- The aussie remains near two-week lows at 0.6270.
- A hawkish Fed has given a new boost to the dollar.
- Weak services PMI data has detracted from the dollar’s strength.
The aussie is suffering on Thursday against a stronger dollar, following the Fed’s hawkish message after Wednesday’s monetary policy decision. The pair attempted to rebound from 2-week lows at 0.9270 earlier today, although it failed to find acceptance above 0.9300.

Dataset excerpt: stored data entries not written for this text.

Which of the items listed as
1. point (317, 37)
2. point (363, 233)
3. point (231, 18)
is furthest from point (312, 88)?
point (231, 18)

The Fed’s hawkish speech has boosted the dollar
The US dollar is rising across the board, buoyed by comments from Federal Reserve Chairman Powell reiterating the Fed’s commitment to continue to tighten borrowing costs until inflation returns to the 2% target. .
As expected, the Fed raised its benchmark rate by 0.75%, the fourth hike in a row. In addition, the Fed’s Powell denied suggestions that the Fed may have tightened too much, saying interest rates could hit levels higher than market expectations, sending the dollar and US Treasuries soaring. .
The dollar fell slightly in the US session, following weaker-than-expected US services activity data, though it trimmed losses shortly after.
According to data released by the Institute for Supply Management, the services PMI for October slowed to 54.4 from 56.7 in September, beating the consensus of 55.5, and indicators for employment and new orders posted sharper-than-expected declines. These figures have weakened the dollar.
Just today, preliminary figures anticipated that non-farm productivity expanded well below expectations in the third quarter: 0.3% vs. 0.6% consensus, and unit labor costs slowed to 3.5% from 8.9%. of the previous quarter.
On the bright side, initial jobless claims increased by 217,000 in the week to October 20, versus expectations for a 220,000 increase.